So how does the cartoonist make his or her money? The most lucrative part of cartooning is a little-known but huge business called “image licensing”. Image licensing has been around a long time. It is known to be about an 80 billion dollar a year business, yet so few people know about it. That could be because, though the end user is the general retail buying public, this demographic of our population rarely sees or cares to see what goes on behind the scenes.
Art licensing can work in a variety of ways. It can be an individual artist approaching a manufacturer with an image that the artist feels will make the manufacturer’s products sell better. Sometimes a deal is made, more often not. When it is, the artist receives a negotiated royalty, a percentage of each sale. There are other types of licensing that work with sponsorships, such as an oil company sponsoring Nascar and they get to put their logo on an actual race car.
When an artist is in negotiation with a manufacturer, it is usually through a licensing agency. They have their own association called LIMA.
But what if the artist is not traditional. Maybe he/she is a cartoonist. Sometimes deals are done the opposite way in this situation. A manufacturer of, say collectible clocks or lunch boxes will approach Disney and ask for the exclusive licensing deal on that product for a certain image or series of images.

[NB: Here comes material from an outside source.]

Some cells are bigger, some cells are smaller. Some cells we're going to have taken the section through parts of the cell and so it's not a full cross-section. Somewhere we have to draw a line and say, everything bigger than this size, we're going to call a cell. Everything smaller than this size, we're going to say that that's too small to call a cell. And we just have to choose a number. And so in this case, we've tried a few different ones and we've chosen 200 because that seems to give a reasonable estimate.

In my case, I started as an unknown writer and cartoonist I was having no luck becoming syndicated yet my naivity kept me from becoming pessimistic. So I approached a number of trade magazines that desperately needed good cartoons with their articles and sold them for what I could. I slowly built a portfolio and finally was able to take it to a manufacturer/drop-shipper who was willing to take a chance and make the products with a royalty split. I did not have a licensing agent so my attorney handled the contract for me. It is always a good idea, if your strength is in art and not numbers to have a professional in another area (like an attorney or agent) do that part of the job.
In time I discovered more manufacturers who made different products than my first ones and was able to make deals with them, using the same contract.
The old-school tradition of cartooning was dictated by the big syndication firms. First you become syndicated, then you get to sell your products and create wealth. Those days are gone thanks to the Internet. One can enter the field in the way one feels comfortable. I am yet to be officially syndicated though my cartoons appear worldwide on a daily basis.
I highly recommend for any artist, writer or cartoonist to explore the Internet for options beyond newspaper syndication. There are so many opportunties, one can almost pick and choose. Will fortune and fame happen overnight? It could, but I sort of doubt it. In most cases, mine, at least, it took ten years just to really get started.
In 1997, I began my cartoon venture metal warehouse in rural Mississippi. I could not even afford a website and didn’t even know how to work the Internet, much less a computer. I bought some of those “For Dummies” books and learned as I worked. Now I have eight domains, seven stores with almost 80,000 products in about 100 different categories , and the most visited offbeat cartoon site on the Internet, Londons Times Cartoons with over 8500 original images and almost 9 million visitors. That’s not so bad for ten year’s work, at least not for me.
Did I pay a price? Sure. Anyone does who sets his or her goal high. Was it worth it? I wouldn’t trade it for the world.